→ **WORK TO COMPLETE**
Scan the entries for lines with the word "interior", then copy those lines.

============================================================

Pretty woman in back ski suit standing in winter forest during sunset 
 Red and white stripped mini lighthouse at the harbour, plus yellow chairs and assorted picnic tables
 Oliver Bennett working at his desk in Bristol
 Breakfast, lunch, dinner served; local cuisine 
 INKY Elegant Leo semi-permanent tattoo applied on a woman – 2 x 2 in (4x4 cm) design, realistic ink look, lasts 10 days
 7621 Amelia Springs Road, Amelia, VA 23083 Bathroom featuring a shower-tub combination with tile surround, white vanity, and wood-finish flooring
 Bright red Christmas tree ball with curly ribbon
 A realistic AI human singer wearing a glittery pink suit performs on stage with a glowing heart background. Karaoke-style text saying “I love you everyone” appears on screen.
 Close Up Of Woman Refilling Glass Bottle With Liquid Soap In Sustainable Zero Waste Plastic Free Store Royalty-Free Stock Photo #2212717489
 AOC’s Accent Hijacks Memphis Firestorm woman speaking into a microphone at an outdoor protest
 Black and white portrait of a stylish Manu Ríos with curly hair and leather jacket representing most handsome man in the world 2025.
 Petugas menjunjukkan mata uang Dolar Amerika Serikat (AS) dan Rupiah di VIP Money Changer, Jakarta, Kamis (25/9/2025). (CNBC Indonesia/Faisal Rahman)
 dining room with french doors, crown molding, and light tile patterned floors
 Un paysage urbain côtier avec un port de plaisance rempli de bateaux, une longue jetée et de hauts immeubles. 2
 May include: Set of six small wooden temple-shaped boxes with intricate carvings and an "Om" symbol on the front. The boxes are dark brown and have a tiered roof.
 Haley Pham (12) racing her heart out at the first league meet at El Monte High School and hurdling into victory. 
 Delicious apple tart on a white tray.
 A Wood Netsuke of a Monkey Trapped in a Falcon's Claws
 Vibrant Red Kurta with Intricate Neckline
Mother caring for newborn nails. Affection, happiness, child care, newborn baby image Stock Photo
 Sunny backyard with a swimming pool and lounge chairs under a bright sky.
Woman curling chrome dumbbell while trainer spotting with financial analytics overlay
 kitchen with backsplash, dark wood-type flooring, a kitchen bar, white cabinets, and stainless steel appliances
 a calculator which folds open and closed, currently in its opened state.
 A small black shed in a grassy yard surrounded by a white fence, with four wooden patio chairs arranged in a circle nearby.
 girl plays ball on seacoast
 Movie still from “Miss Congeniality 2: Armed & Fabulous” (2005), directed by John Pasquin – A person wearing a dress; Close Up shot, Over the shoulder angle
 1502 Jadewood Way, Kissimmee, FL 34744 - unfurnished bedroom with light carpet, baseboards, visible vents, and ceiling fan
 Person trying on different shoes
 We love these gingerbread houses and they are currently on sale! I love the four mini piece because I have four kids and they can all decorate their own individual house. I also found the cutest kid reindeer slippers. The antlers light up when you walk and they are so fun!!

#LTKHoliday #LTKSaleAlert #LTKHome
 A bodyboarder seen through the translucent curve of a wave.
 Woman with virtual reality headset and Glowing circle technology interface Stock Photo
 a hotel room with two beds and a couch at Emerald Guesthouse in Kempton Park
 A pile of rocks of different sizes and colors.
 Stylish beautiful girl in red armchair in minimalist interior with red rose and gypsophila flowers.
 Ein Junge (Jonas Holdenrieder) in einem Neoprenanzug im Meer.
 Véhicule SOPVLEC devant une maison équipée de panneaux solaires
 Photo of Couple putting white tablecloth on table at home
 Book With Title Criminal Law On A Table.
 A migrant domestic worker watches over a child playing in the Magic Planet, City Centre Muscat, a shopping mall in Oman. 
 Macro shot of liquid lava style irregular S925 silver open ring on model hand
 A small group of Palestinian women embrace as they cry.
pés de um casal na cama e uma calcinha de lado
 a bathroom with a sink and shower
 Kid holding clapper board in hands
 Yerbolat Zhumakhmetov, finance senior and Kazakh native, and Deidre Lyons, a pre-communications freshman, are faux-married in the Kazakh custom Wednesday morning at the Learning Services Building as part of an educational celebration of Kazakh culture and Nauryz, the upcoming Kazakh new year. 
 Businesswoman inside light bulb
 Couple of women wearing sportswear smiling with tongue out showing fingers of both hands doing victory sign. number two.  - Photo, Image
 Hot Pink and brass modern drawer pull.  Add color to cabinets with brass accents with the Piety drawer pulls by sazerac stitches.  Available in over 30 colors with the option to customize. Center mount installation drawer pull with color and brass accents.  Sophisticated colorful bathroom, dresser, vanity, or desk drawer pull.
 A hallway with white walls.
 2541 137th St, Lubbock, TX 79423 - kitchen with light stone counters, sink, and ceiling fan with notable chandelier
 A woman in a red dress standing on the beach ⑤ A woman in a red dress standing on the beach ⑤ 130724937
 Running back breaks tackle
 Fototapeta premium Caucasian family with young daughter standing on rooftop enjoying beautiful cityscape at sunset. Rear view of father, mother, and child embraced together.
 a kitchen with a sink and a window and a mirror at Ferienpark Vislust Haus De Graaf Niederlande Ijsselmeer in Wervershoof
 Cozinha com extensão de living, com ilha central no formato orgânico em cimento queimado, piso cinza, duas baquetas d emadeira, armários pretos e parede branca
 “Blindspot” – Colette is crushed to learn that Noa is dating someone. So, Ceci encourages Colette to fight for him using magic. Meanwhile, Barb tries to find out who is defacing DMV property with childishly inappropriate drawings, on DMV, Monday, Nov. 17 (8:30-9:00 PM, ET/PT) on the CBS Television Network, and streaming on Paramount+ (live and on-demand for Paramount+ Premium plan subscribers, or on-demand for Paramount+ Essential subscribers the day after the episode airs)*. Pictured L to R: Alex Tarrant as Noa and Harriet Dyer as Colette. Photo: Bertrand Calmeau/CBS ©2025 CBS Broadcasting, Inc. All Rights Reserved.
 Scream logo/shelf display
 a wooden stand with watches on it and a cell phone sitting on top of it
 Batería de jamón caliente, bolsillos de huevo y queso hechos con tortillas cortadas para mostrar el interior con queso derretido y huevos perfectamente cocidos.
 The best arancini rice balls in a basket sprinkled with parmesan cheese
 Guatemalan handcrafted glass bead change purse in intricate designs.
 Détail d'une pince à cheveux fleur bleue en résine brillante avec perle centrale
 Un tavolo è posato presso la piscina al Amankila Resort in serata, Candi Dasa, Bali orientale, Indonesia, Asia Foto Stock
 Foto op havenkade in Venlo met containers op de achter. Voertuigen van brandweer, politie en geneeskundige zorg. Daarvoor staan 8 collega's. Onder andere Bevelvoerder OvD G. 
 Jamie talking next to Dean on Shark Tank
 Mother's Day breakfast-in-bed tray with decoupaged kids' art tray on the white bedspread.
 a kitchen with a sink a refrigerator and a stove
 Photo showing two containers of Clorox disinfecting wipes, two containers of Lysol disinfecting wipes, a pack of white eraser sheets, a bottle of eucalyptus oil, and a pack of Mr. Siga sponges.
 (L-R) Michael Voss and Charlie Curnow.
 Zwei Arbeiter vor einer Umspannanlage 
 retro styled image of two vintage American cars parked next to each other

============================================================

→ **THE ANSWER**
 Stylish beautiful girl in red armchair in minimalist interior with red rose and gypsophila flowers.
 Batería de jamón caliente, bolsillos de huevo y queso hechos con tortillas cortadas para mostrar el interior con queso derretido y huevos perfectamente cocidos.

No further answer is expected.